Thesis Summary:

In this thesis we study mathematical and numerical aspects of adaptive finite element methods with applications to geosciences. First we develop an a posteriori error estimator of hierarchical type for the Local Projection Stabilized (LPS) finite element method, applied to the incompressible Navier-Stokes equations. To approach the error, the technique uses the solution of local problems posed on appropriate finite dimensional spaces of bubble-like functions. Next we propose and analyze a residual a posteriori error estimator for the Multiscale Hybrid-Mixed (MHM) method for the Stokes and Brinkman equations. The error estimator relies on the multi-level structure of the MHM method and considers the two levels of approximation of the method. As a result, the error estimator accounts for a first-level global estimator defined on the skeleton of the partition and second-level contributions from element-wise approximations. The analysis establishes local efficiency and reliability of the complete multiscale estimator. Also, it yields a new face-adaptive strategy on the mesh's skeleton which avoids changing the topology of the global mesh. Specially designed to work on multiscale problems, the present estimator can leverage parallel computers since local error estimators are independent of each other. Finally, we consider a non-linear Stokes problem that models the behavior of a glacier. The nonlinearity of the problem is due to the relationship between the viscosity of the fluid and its velocity, which in this context is given by Glen's law. We propose a MHM scheme to solve the non-linear problem inspired on the MHM scheme for the linear Stokes problem previously studied. For the situations described above, we report several numerical results which assess the performance of the method and confirm theoretical results.

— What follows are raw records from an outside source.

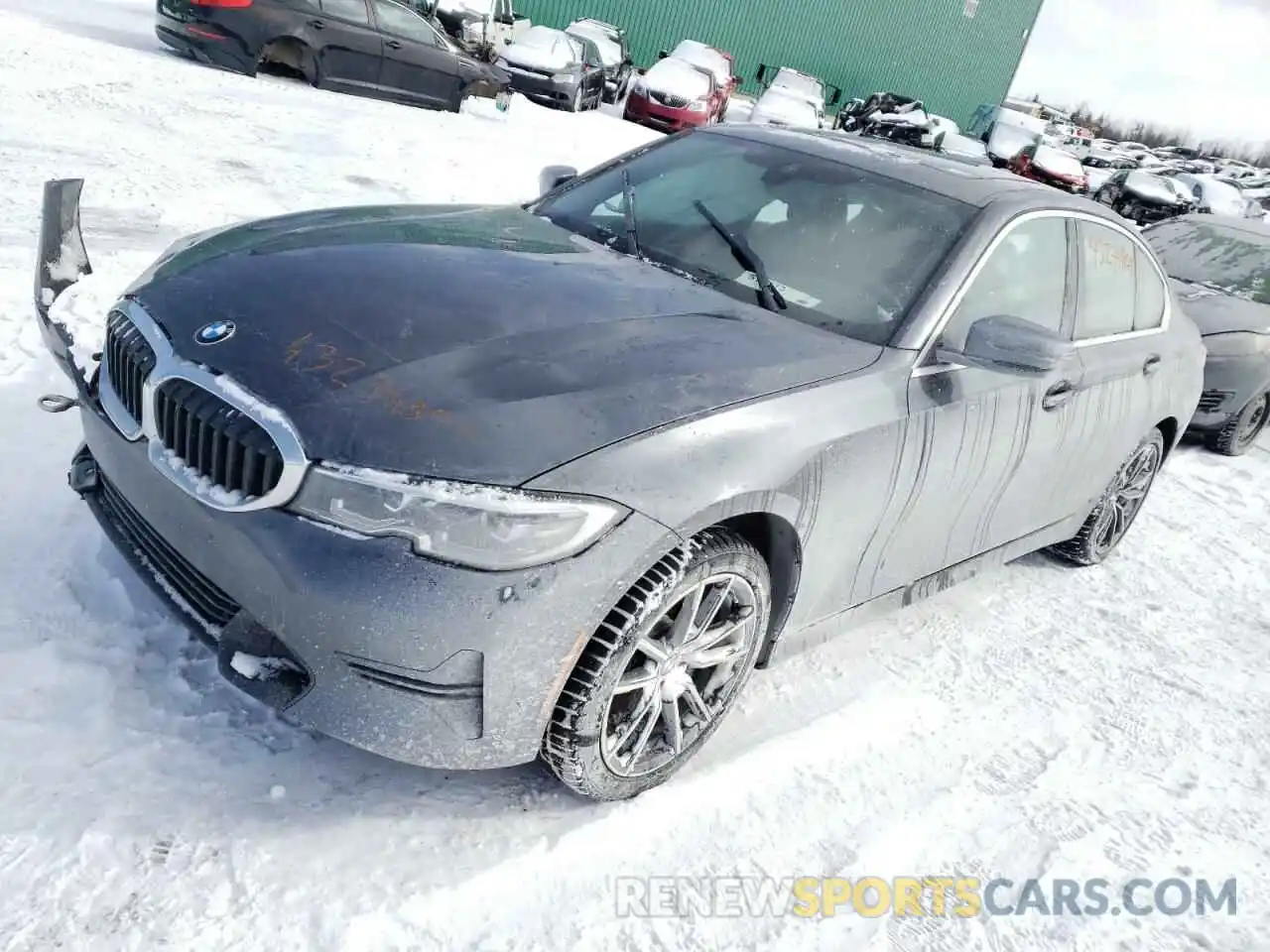 1 Фотография поврежденного автомобиля 3MW5R7J01L8B35224 BMW 3 SERIES 2020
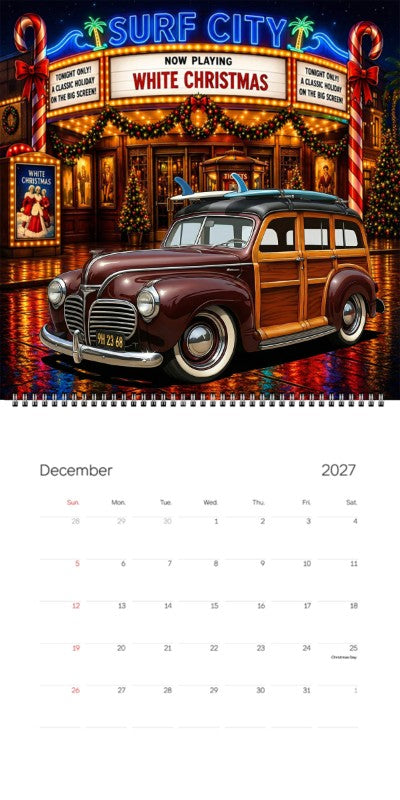 2027 Woodie Neon Calendar 9H2368-CA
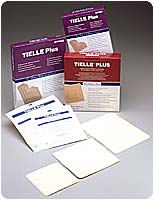 Tielle Plus Heel Hydropolymer Adhesive, 8" X 10" 5ct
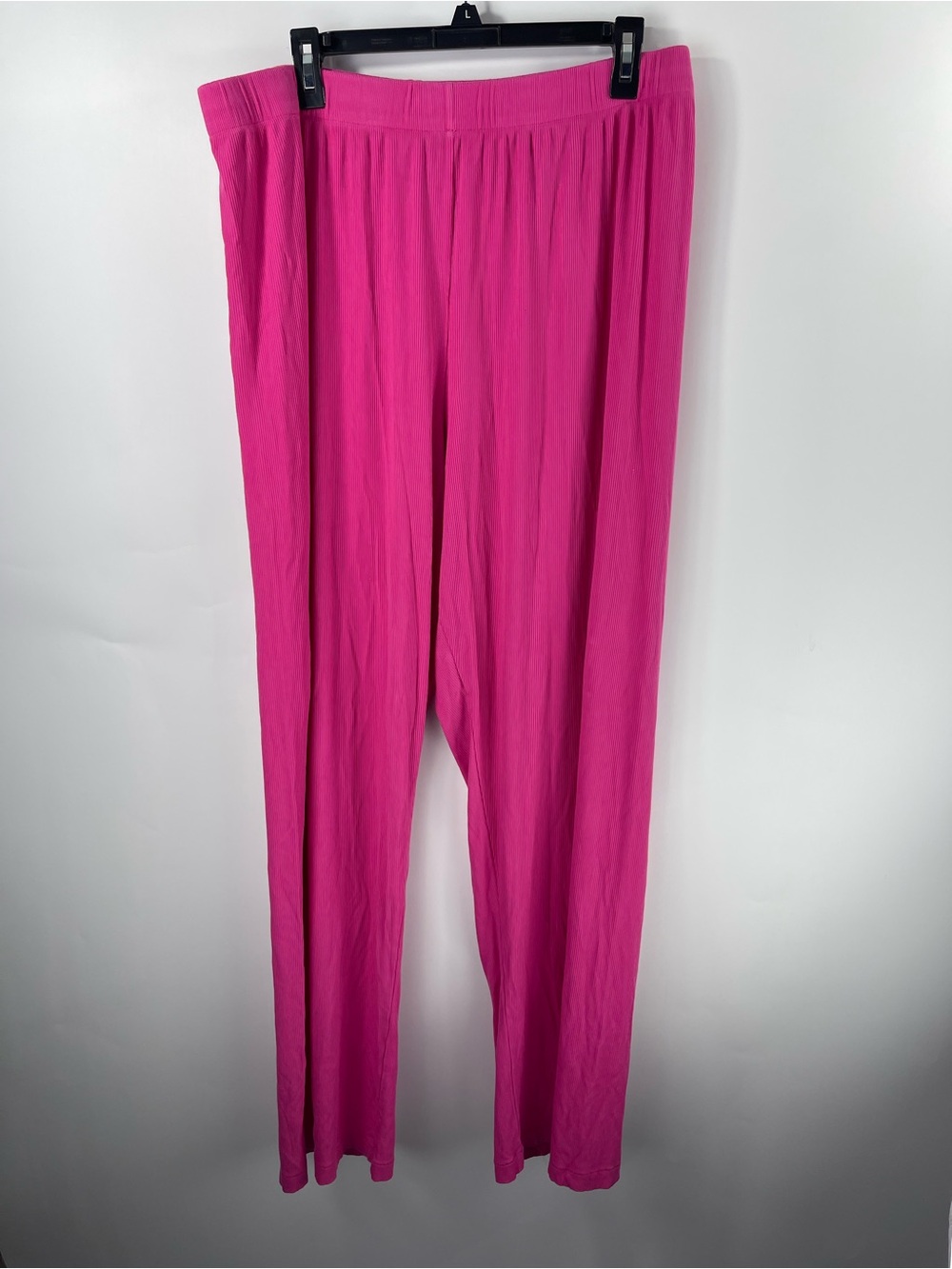 SKIMS Ribbed Pajama Set Women's 2X Pink Button Down Wide Leg
Loungewear - Picture 5 of 13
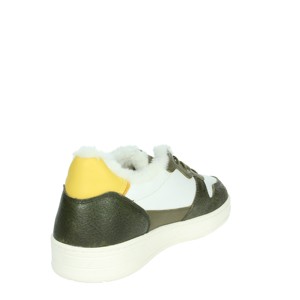 M391-C2F-NT-WA sneaker basse stile retrò bianche/verdi moda moda moda scarpe da passeggio PU soletta leggera traspirante per la primavera - Product Image 3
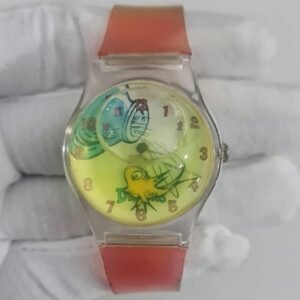 Vintage Dr.Seuss Authentic Plastic Caseback Japan Movement Wristatch 1997 3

ISI Publications from the Thesis

Rodolfo ARAYA, Ramiro REBOLLEDO, Frederic VALENTIN: On a multiscale a posteriori error estimator for the Stokes and Brinkman equations. IMA Journal of Numerical Analysis, vol. 41, 1, pp. 344-380, (2021).

Rodolfo ARAYA, Ramiro REBOLLEDO: An a posteriori error estimator for a LPS method for Navier-Stokes equations. Applied Numerical Mathematics, vol. 127, pp. 179-195, (2018).